**What is expected:**
Below are entries. Copy exactly the lines running from the line that holds "Set of 50 Piggyback" to the line that holds "Custom acrylic cosmetics drawers organizer", with both ends included.

**Source data:**
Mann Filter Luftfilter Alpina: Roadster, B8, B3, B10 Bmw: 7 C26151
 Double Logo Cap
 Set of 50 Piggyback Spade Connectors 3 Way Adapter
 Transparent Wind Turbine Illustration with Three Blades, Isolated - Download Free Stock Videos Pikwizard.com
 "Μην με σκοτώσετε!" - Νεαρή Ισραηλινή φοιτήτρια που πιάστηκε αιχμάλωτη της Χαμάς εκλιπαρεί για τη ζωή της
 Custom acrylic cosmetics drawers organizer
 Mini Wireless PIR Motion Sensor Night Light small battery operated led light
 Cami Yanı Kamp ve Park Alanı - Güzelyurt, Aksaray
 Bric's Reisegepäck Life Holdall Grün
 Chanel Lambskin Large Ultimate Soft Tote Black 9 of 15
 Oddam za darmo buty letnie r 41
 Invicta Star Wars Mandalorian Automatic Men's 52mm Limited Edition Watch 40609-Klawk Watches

**Written answer:**
 Set of 50 Piggyback Spade Connectors 3 Way Adapter
 Transparent Wind Turbine Illustration with Three Blades, Isolated - Download Free Stock Videos Pikwizard.com
 "Μην με σκοτώσετε!" - Νεαρή Ισραηλινή φοιτήτρια που πιάστηκε αιχμάλωτη της Χαμάς εκλιπαρεί για τη ζωή της
 Custom acrylic cosmetics drawers organizer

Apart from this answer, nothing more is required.